Among the various congenital cervicofacial swellings observed in children, three types are rarely encountered in general practice: auriculobranchial cysts and fistulae, thymic cysts and cystic lymphangiomas. To resolve diagnostic and therapeutic problems related to these rare lesions it is essential that their etiopathogenic bases be understood. Auriculobranchial cysts and fistulae present clinical symptoms (cervical, parotid, auricular) that are only poorly evidenced and are related mainly to infection. Surgical excision requires a wide approach route of the parotidectomy type with preliminary isolation of the facial nerve. Thymic cysts result from embryogenic anomalies leading to remnants from the 3rd endobranchial pouch and/or degenerative disorders of Hassal's corpuscles. Of mainly perioperative detection their exeresis requires investigation of possible inferior mediastinal prolongations and preservation of healthy thymic parenchyma. Cystic lymphangiomas arise from dysembryoplasia of the lymphatic system, two opposing pathogenic theories existing to explain their origin. They are serious lesions because of their dissecting tendencies and their inexorable growth in the vast majority of cases. Two forms of lymphangioma, from the embryologic, diagnostic and therapeutic points of view, can be distinguished: those of extraparotid origin and those developing from the parotid.

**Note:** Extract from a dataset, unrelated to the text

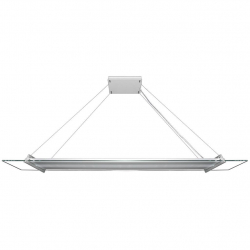 SKOFF MODERNO ELEGANTE Lampa w isząca (50W) / W (biały) [obud. Aluminiu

在儿童中观察到的各种先天性头颈部肿胀中,一般临床实践中很少遇到三种类型:耳颞囊肿和瘘管、胸腺囊肿和囊性淋巴管瘤。为了解决与这些罕见病变相关的诊断和治疗问题,必须了解其病因基础。耳颞囊肿和瘘管的临床症状(颈部、腮腺、耳部)证据不足,主要与感染有关。手术切除需要采用腮腺切除术式的广泛入路,并在术前分离面神经。胸腺囊肿是由胚胎发育异常导致第三鳃囊残余和/或哈氏小体退行性病变引起的。其切除主要在围手术期进行,需要检查是否可能有下纵隔延伸,并保留健康的胸腺实质。囊性淋巴管瘤起源于淋巴系统发育异常,存在两种相反的致病理论来解释其起源。由于其侵袭性倾向和绝大多数病例中不可阻挡的生长,它们是严重的病变。从胚胎学、诊断和治疗角度来看,可区分两种形式的淋巴管瘤:腮腺外起源的和起源于腮腺的。